Hi
We have a dashboard that is getting this error. I am on 8.1.9
the Unknown sid. might stay there for 2 minutes but multiple refresh might have happened - i cant manually refresh it and in a demo it looks really really bad. Any ideas of what it is and how i can make it stop happening.
You have quite interesting dashboard and especially those basesearches! There are some common mistakes on your base searches which must avoid to getting those to work.
Here is one blog post about dashboards and also use base search in those: https://www.splunk.com/en_us/blog/tips-and-tricks/splunk-clara-fication-dashboarding-best-practices....
Your main issue seems to be that your base searches returns events not summaries. So those aren't transforming searches as all base search should be! In some cases you can use also non transforming base searches, but then there are really big possibility that those don't work and you don't notice it!
You are using "sort 0" which usually means that you have lot of events and this means that 1) you base searches returns more rows than sXML can handle 2) some timeous can reached.
You also have refresh time 5s on base search which is quite low. Maybe this can lead the situation that there is already running a new base search before other searches has run (this is just y question, as I haven't check/read how this really works). Maybe you should try to extend this to like min 60s to 5min? How much new events you will get into splunk within 5s or 60s or 5min?
Another option could be a create a "base search" and then reuse it with loadjob like here https://community.splunk.com/t5/Splunk-Search/Is-it-possible-to-use-base-search-in-append-sub-search...

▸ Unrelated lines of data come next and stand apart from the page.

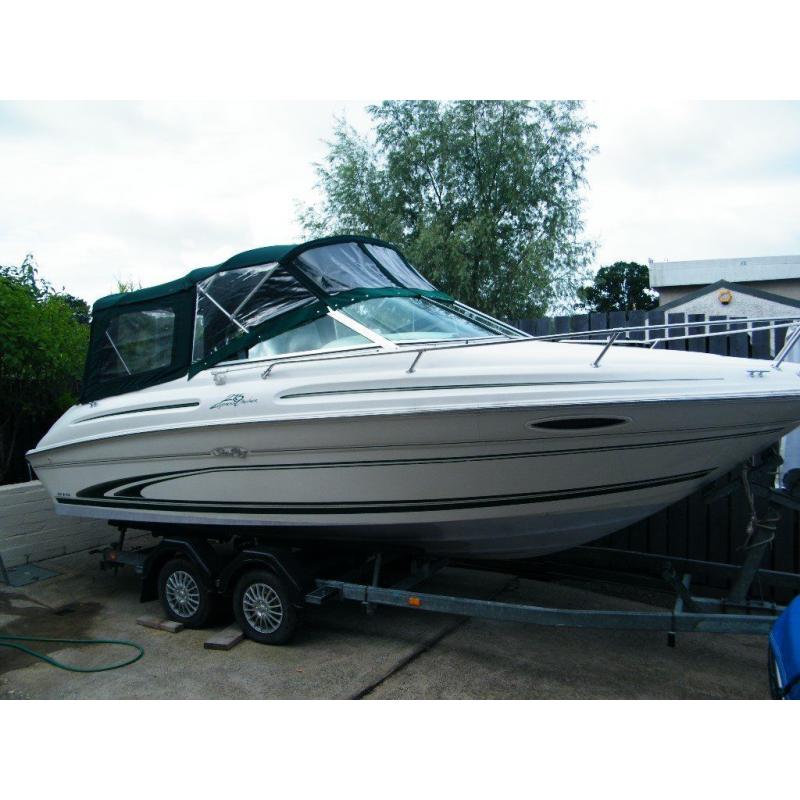 SeaRay 215 Express Cruiser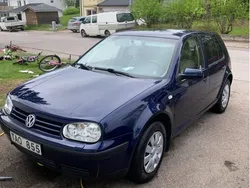 Blå Begagnad 2002 VW Golf IV Basis Halvkombi | 5 000 kr (Superpris)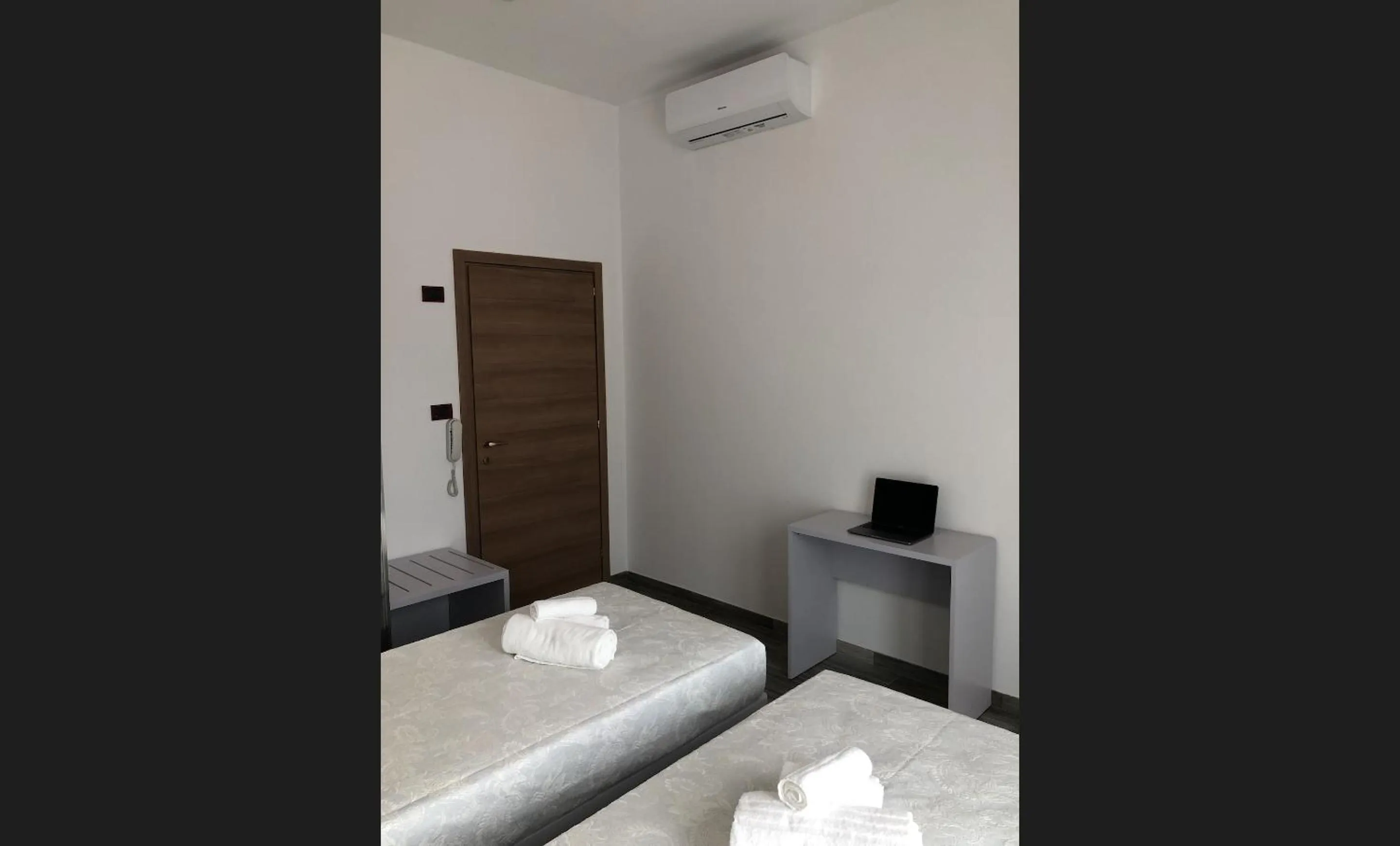 Photo of the whole room in Vinsea Hotel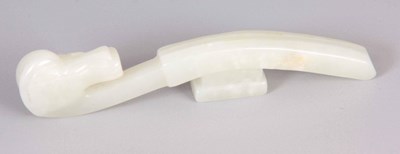 Lot 163 - A 19th/20th CENTURY CHINESE WHITE JADE BELT...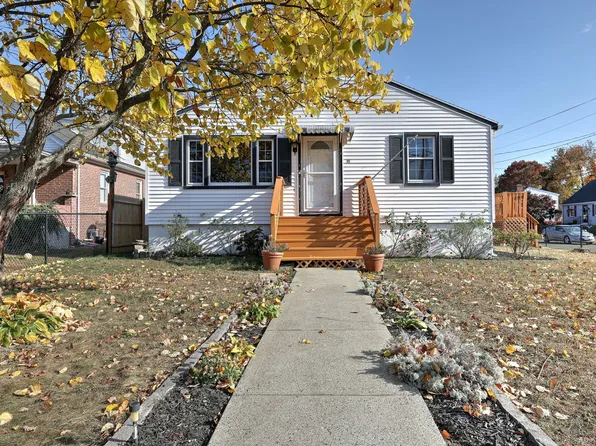 89 Thompson Avenue, East Haven, CT 06512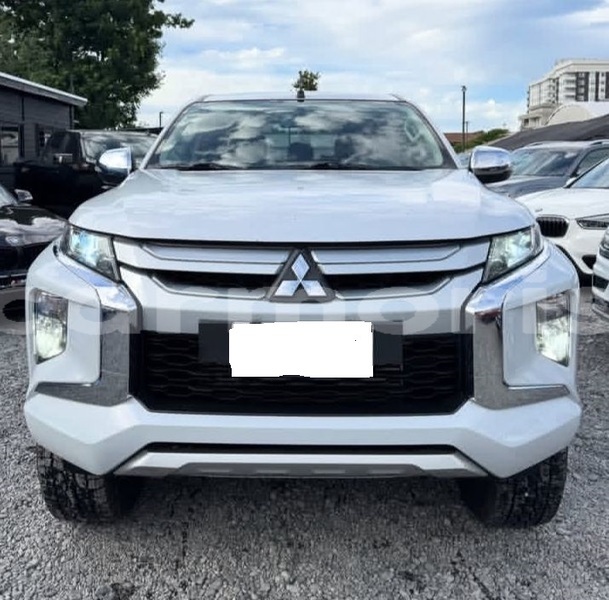 Big with watermark mitsubishi l200 savanne bel ombre 8023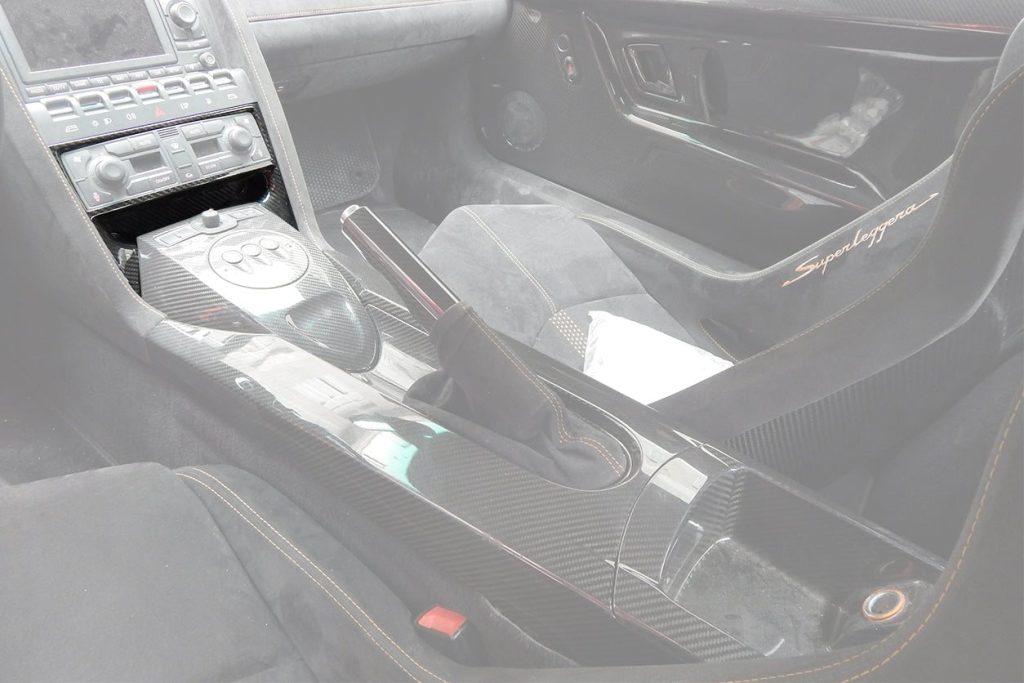 ชิ้นส่วนตกแต่ง LAMBORGHINI Gallardo 2004-2008 2004-2014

But anyhow currently your base search is something which are not following best practices (or even defined way) of Splunk (see Post-process searches).
I hope that above hints help you to solve that issue? One more thing what you can try to solve this is look what jobs this is generating and then inspect those. Those outputs should explain more what has happened and what was going wrong (see e.g. https://www.splunk.com/en_us/blog/tips-and-tricks/splunk-clara-fication-job-inspector.html and some conf presentations are available also).
r. Ismo
Hi
I have added it below. I have made 3 base searches, and each of them comes from the original.
I do this so we do 1 big data pull in basesearch1 and then we use filtering on no2 and no3, so the dashboard does not jump if a user clicks on a dropdown.
we are doing high-frequency refresh - this is what business wants - so that might be causing the issues.
This is a cutdown version of the code - but the issues could happen on any pannel.
<refresh>5s</refresh>
<form theme="dark">
<label>MX.3 SIGNIFICANT EVENTS</label>
<search>
<query>| makeresults count=1 annotate=false </query>
<done>
<set token="token_event_search">*</set>
<!--set token="host_token">PDT</set-->
<set token="app_name">MX.3_MONITORING</set>
<set token="pid_token">*</set>
<set token="pid_token1">*</set>
</done>
</search>
<search>
<query>| makeresults count=1 annotate=false </query>
<done>
<!--Set Tokens if a URL has come to re set some of the tokens to they will be visibale in the screen-->
<condition match="$URL_TRAP$=="SET"">
<set token="form.host_token">$host_token1$</set>
<set token="form.Severity_token">$Severity_token1$</set>
<set token="Severity_token">$Severity_token1$</set>
<set token="form.Service_Name">$Service_Name1$</set>
<set token="form.pid_token">$pid_token1$</set>
<set token="pid_token">$pid_token1$</set>
</condition>
<condition match="match($ERROR_FILTER$,"true")">
<set token="form.Severity_token">"FATAL" "ERROR"</set>
<set token="Severity_token">"FATAL" "ERROR"</set>
</condition>
<condition match="match($EVENT_FILTER$,"EVENT")">
<eval token="form.time_token.earliest">$latest$</eval>
<eval token="form.time_token.latest">$latest$+300</eval>
<set token="form.Severity_token">*</set>
</condition>
<condition>
<set token="Severity_token">*</set>
<set token="Service_Name">*</set>
</condition>
</done>
</search>
<search id="basesearch">
<query>index="murex_logs"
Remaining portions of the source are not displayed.